● What you need to do: Only the lines from the one containing "Mast & Harbour" through the end of the records should be retyped, exactly and including both ends; pictures stay out.

═════ Raw data ═════

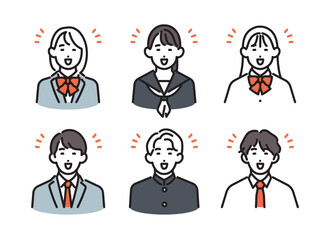 Fototapeta premium シンプル イラスト 制服を着た笑顔の男女の学生セット ベクターイラスト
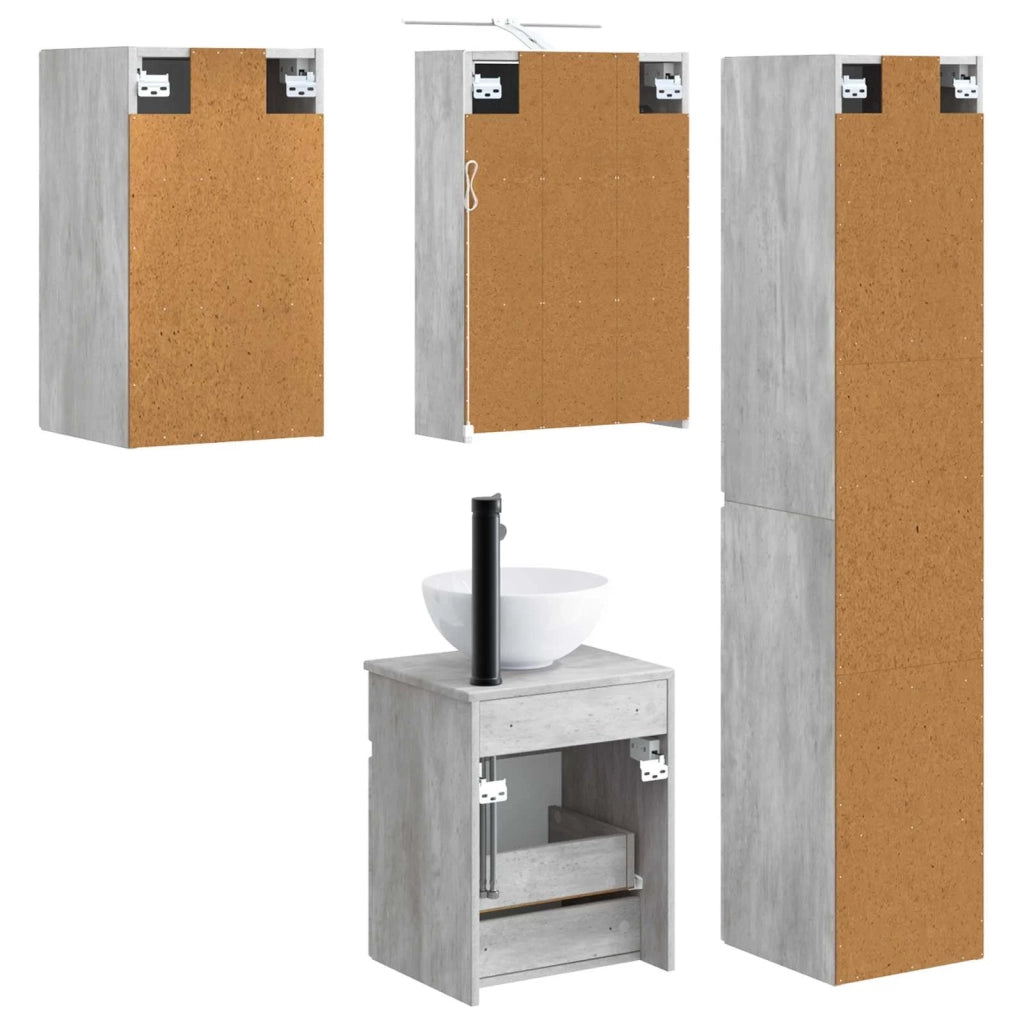 Set di Armadi da Bagno 5 pcs Grigio Cemento 43 x 16 x 62,5 cm 3407346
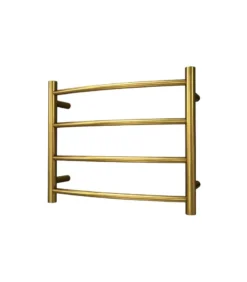 Roma Round & Curved Heated Towel Rack 4 Bars – Brushed Gold
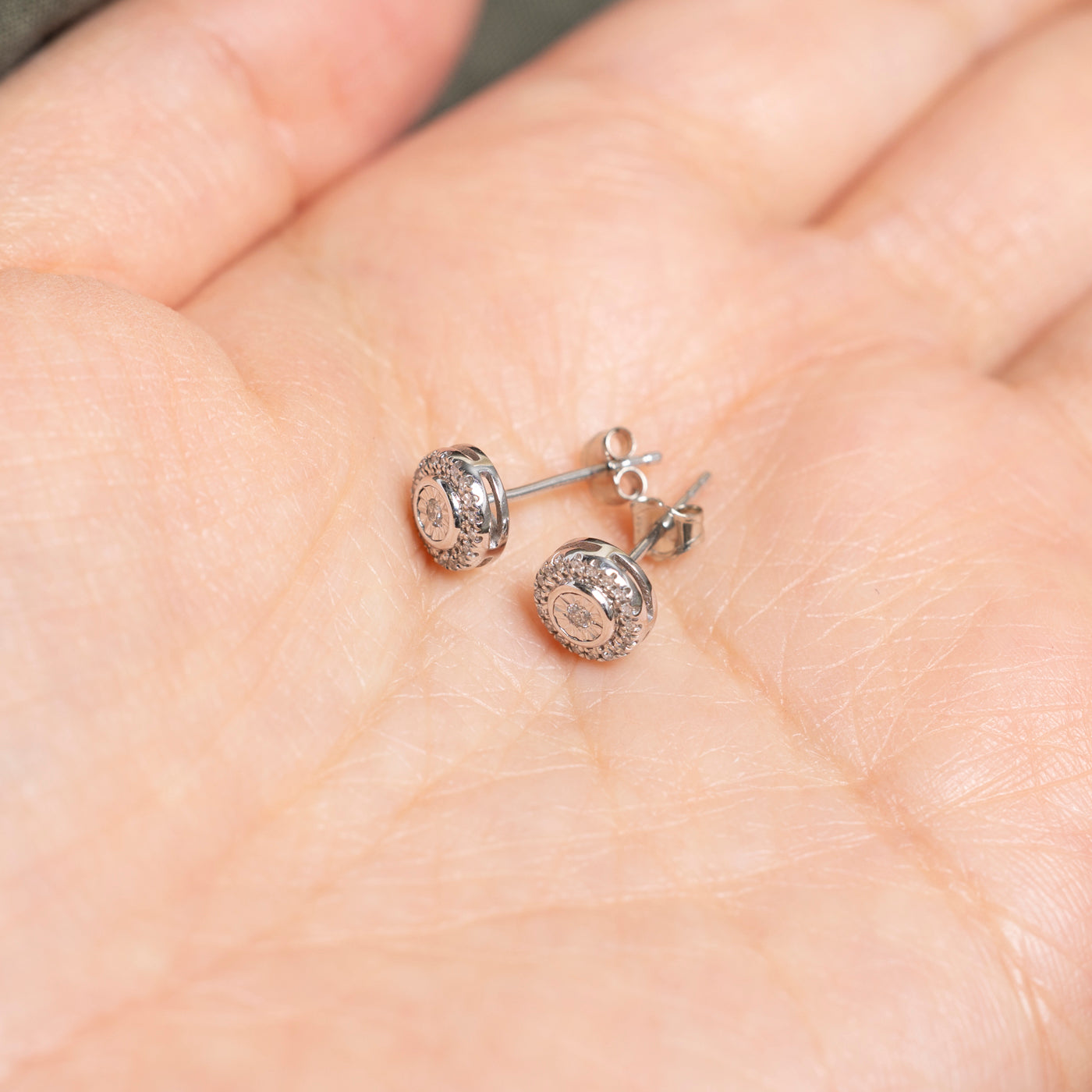 Illusion Set Diamond Halo Stud Earrings | 0.12ct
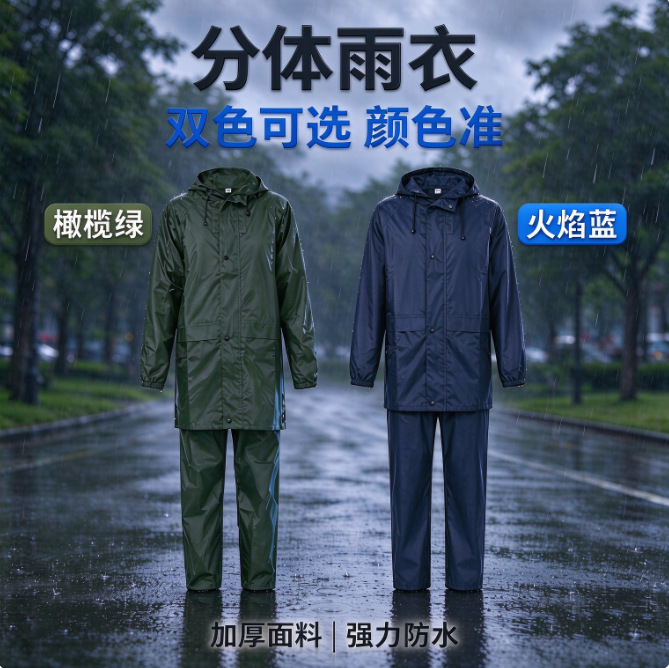 Jihua Zhonggong matte finish, rainproof, and storm-resistant two-piece rain suit, olive green rain jacket and pants set, designed for protection against heavy rain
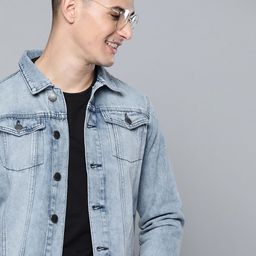 Mast & Harbour Men Blue Pure Cotton Denim Jacket-image-31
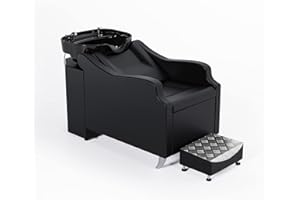 OmySalon Shampoo Backwash Unit with Large Porcelain Bowl, Salon Sink Hair Wash Chair Shampoo Station, Barbershop Beauty Spa Massage Hairdressing Equipment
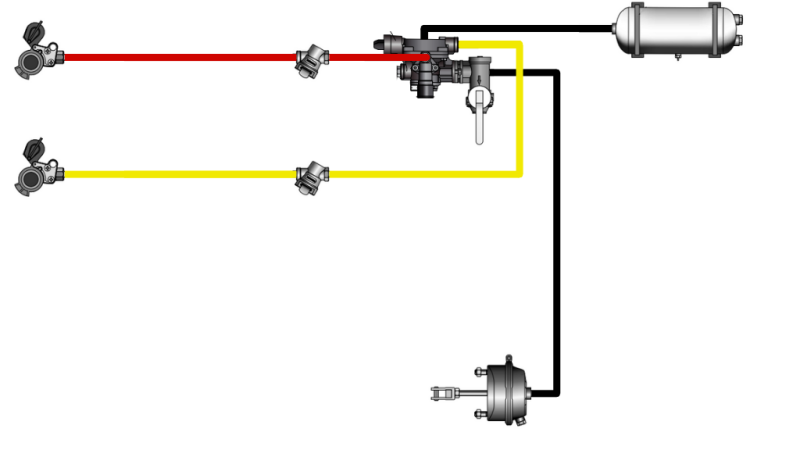 CONJUNTO DE FREIOS HIDRÁULICOS A AR PARA REBOQUE SISTEMA COMPLETO DE DUPLO CIRCUITO 1 CILINDRO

═════

● Answer to this problem:
 Mast & Harbour Men Blue Pure Cotton Denim Jacket-image-31
 OmySalon Shampoo Backwash Unit with Large Porcelain Bowl, Salon Sink Hair Wash Chair Shampoo Station, Barbershop Beauty Spa Massage Hairdressing Equipment
 CONJUNTO DE FREIOS HIDRÁULICOS A AR PARA REBOQUE SISTEMA COMPLETO DE DUPLO CIRCUITO 1 CILINDRO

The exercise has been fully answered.